Yawn. Another Wimbledon final, another matchup between the Williams sisters. It's the fourth such meeting this decade and the eighth in any Grand Slam final. Since this is almost routine at this point, the circumstances of a Venus-Serena final don't seem all that special. They are. The fact the two sisters are playing in the final at Wimbledon for the fourth time in seven years is one of the most remarkable feats in sports history.

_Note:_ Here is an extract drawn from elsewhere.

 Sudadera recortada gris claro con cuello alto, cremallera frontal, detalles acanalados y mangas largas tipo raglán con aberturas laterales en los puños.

As much as we love to play instant historian these days (that game was the best of all-time, that's the best team ever, etc.), we often fail to properly appreciate sustained greatness in its own time. Everyone knows Tiger Woods is one of the two greatest golfers ever, but if he and Jack Nicklaus swapped eras, I think we'd hold Woods in an even higher regard than we do now. Barry Bonds had the best season ever at the plate in 2002, yet that didn't get 1/100th of the attention that his steroid scandal did five years later. There's something about the passage of time that makes things seem more special. As a result, the true greatness that happens now is often overlooked.
This brings us back to the Williams sisters. We know they're great, but somehow the scope of what they're collectively doing is viewed as ordinary. We expect them to get to the Wimbledon finals, so we're not surprised when they do.
But take a step back and think of it like this: Of all the women playing tennis on this planet, the two who will set foot on Centre Court on Saturday morning grew up in the same house. Let that sink in. It's utterly remarkable. (And we're not even getting into the fact that said house was in Compton, CA, not exactly a tennis hotbed.)
For two sisters to dominate the tennis world and to have more appearances in the Wimbledon final since 2001 (12) than the rest of the world combined (6) is something that shouldn't be taken for granted. We all know it's special, but it's even moreso than that. It's one of the greatest achievements in tennis history.